As I think about it, in that twisted contorted way that my mind works, wouldn’t that make for a really embarrassing nightmare? Getting caught snooping in someone’s house for a recipe? There you are in the middle of the night with one of those little mini-mag flashlights quietly rifling through your neighbor’s recipe stash with curlers in your hair. (Don’t ask me why you are wearing curlers; it just seems like the right thing to do in a dream for some reason.) You get really absorbed in the great recipes you are finding and then suddenly the kitchen lights go on and your neighbor is standing there poised with his or her trusty baseball bat or fly swatter and a seriously shocked look on his or her face. You, of course, are sitting cross-legged on the floor with recipes all around you stammering an apology and trying to explain that all you really needed was that recipe for the raspberry cream cheese pretzel salad that your neighbor made for the last block party and that you wanted it really badly at 2:00 in the morning and you didn’t want to wake up your neighbor to ask for the recipe at that time of the morning and would they please not call the cops because it isn’t really a break-in considering that you aren’t there to take any of their valuables and after all, they know you…sort of…but not really, because the real you wouldn’t be as ridiculous as to come into their home uninvited to get a recipe in the wee hours of the morning. Your neighbors are dumbfounded by your behavior and stand there gawking as you make a hasty retreat out of their back door and over the fence clutching the cherished recipe. We won’t mention that it would have been far easier to leave by the front door with no fence to climb, but after all, this is a dream so you take the hard way out through the back door and over the fence where there is now a barking dog chasing you trying to eat both you and your recipe. Where did the dog come from? You don’t have a dog and neither does your neighbor, but there it is chasing you and snarling and now your neighbors are standing on their back porch cheering on the dog. You are just about to become dog fodder when you suddenly wake up, gripping the covers of your bed, being outrageously grateful to be in your own room and saying, “Holy crap, where in blazes did that insane dream come from? What is wrong with me that my psyche could come up with such a ludicrous situation? Oh no! …was I dressed or naked in that dream?”
You try to avoid your neighbors for the next few days just in case they somehow know that you dreamed about breaking into their house for a recipe.
Would you believe that I was stone cold sober when I wrote that bit of dream quirkiness? I am always stone cold sober. Never been drunk in my life except once back when I was 18 and Nyquil used to be 25% alcohol and I had a cold and my friend introduced me to the miracle of NyQuil, then sort of snickered to himself as he assured me that I would be feeling great soon. “Drink it fast,” said my soon to be not friend, “It burns at first, but I promise that you will feel a lot better.” My tongue went numb and I couldn’t speak clearly, but within a few minutes I sort of didn’t care that I was sick and had a fever and that all of my joints and muscles were achy. I kind of liked getting colds after that.

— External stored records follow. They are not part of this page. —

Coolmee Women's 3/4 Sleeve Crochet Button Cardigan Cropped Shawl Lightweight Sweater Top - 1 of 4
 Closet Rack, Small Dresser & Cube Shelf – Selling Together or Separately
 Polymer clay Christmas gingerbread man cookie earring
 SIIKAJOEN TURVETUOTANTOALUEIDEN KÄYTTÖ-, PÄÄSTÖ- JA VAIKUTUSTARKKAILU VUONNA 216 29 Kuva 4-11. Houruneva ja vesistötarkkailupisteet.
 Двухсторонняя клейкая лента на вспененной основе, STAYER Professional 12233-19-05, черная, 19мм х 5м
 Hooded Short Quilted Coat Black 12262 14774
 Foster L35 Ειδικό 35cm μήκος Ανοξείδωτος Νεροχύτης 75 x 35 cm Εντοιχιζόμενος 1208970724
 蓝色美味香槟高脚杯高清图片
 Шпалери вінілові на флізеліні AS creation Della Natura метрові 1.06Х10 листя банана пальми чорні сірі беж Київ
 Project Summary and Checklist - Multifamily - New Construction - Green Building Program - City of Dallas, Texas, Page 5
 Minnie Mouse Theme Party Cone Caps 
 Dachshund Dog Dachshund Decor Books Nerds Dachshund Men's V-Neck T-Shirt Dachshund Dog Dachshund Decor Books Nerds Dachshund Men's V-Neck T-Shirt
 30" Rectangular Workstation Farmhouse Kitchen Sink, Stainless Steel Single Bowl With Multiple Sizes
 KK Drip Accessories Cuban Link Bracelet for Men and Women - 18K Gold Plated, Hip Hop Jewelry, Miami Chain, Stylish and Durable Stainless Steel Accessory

True story, that one. Now, of course, NyQuil has taken all of the fun out of getting a cold. You just take the NyQuil (alcohol-free) and for 4 hours your aches and pains magically leave, but you no longer get the buzz that was really kind of nice back in the 70′s. No more holding hands with strangers and slurring Kumbaya with a stuffy nose kind of sound.
Well…didn’t I go far astray on those two adventures that have absolutely nothing to do with this recipe. But, I suspect that you don’t always drop by here just for the food, right?
I ought to tell you that I had intended to post this recipe just prior to Easter because it is my understanding that this is often a favorite ‘salad’ served with the Easter meal, as well as an often used ‘salad’ for pot lucks. Surprise! I didn’t get this done for Easter, however I did rush out on the Monday morning after Easter to get the ingredients because I really, really, really had a craving for this wonderful creation. Would you believe that my nearby grocery store was ought of stock of frozen raspberries? I’m thinking that everyone except me must have made this little salad for Easter and the stores didn’t plan ahead for the day after Easter, when of course, I wanted to make this salad/dessert.
It really doesn’t make sense to call this a salad because it is quite rich, but it doesn’t make sense to call it a dessert either because…well…I don’t know why. In some parts of the country anything with Jell-O in it is considered a salad whereas in other parts of the country anything with Jell-O falls into the dessert category. So, I guess it’s a dessert salad…a sassert…a dessal…a deslad…a ladsert. (How many nonsense word combinations can you make from ‘dessert salad’?)
As you can see I don’t need to be drunk on NyQuil or having a kooky dream to get all tangled up in nonsense. I am amazing at nonsense.